Task to complete: Every line with the string "channel" should be copied from the data.

Input data:
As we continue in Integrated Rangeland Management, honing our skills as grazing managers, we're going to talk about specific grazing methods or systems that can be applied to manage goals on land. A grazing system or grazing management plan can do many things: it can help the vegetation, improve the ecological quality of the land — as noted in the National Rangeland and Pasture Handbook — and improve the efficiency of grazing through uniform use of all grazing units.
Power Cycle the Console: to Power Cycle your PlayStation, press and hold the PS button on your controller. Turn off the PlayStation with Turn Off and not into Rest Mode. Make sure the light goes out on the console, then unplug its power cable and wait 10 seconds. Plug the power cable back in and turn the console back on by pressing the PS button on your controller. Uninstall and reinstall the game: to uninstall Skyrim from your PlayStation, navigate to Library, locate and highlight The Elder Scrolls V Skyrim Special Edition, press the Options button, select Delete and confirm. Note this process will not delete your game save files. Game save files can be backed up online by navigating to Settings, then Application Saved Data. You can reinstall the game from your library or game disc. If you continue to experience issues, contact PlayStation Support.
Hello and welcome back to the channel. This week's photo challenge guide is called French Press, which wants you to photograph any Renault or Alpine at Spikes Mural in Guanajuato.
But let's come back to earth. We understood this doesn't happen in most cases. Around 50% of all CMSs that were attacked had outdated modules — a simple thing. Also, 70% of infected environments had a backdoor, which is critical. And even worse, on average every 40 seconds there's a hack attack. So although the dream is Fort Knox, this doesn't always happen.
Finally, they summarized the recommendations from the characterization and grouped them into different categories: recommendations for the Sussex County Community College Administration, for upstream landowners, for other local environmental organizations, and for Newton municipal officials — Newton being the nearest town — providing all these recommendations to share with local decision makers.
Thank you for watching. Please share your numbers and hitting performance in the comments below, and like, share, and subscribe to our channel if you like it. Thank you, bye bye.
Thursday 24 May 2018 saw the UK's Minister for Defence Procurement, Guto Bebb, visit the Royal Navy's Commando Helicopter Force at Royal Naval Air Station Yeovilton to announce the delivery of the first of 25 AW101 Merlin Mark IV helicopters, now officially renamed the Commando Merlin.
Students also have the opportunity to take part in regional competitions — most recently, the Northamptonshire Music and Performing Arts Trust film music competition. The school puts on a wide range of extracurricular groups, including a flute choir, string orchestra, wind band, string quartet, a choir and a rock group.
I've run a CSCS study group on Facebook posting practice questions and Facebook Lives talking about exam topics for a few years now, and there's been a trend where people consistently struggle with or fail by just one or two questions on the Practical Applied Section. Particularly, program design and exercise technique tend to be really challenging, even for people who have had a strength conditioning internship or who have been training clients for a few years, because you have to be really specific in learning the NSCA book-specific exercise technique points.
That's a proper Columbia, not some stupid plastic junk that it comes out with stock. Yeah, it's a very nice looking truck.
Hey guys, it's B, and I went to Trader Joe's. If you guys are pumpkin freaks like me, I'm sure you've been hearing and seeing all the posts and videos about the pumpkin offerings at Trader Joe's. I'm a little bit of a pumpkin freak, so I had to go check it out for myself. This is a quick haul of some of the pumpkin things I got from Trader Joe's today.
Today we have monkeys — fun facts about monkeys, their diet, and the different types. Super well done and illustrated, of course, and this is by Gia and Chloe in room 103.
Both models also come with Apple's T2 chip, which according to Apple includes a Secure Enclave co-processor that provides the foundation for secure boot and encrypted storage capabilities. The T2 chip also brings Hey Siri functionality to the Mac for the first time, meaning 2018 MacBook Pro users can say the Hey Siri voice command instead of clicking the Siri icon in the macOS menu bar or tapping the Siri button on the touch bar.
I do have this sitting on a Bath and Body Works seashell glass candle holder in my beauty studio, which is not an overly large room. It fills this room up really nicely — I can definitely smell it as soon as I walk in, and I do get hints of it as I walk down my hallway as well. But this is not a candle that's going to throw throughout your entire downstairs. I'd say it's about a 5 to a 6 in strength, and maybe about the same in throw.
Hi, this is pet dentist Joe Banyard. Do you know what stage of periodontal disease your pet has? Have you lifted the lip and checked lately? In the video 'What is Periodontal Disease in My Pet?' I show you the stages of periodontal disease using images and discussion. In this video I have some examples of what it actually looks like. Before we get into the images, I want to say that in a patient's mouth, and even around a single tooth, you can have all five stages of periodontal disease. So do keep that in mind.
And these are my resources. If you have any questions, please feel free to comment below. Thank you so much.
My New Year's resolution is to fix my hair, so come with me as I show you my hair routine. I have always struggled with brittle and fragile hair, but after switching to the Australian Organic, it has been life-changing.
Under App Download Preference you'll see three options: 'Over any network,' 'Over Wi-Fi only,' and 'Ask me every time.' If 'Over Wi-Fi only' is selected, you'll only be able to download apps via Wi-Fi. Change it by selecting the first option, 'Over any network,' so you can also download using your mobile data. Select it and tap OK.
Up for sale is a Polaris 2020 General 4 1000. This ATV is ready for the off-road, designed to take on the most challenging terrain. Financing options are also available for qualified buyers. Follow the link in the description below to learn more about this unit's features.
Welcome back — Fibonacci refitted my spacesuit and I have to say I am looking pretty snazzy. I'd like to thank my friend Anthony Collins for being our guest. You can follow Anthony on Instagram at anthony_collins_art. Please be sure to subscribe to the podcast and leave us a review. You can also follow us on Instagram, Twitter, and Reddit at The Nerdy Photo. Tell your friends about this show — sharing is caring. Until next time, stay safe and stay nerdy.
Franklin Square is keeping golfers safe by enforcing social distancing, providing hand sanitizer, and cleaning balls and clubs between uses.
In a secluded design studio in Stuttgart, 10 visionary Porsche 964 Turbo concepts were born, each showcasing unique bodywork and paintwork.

Written solution:
Hello and welcome back to the channel. This week's photo challenge guide is called French Press, which wants you to photograph any Renault or Alpine at Spikes Mural in Guanajuato.
Thank you for watching. Please share your numbers and hitting performance in the comments below, and like, share, and subscribe to our channel if you like it. Thank you, bye bye.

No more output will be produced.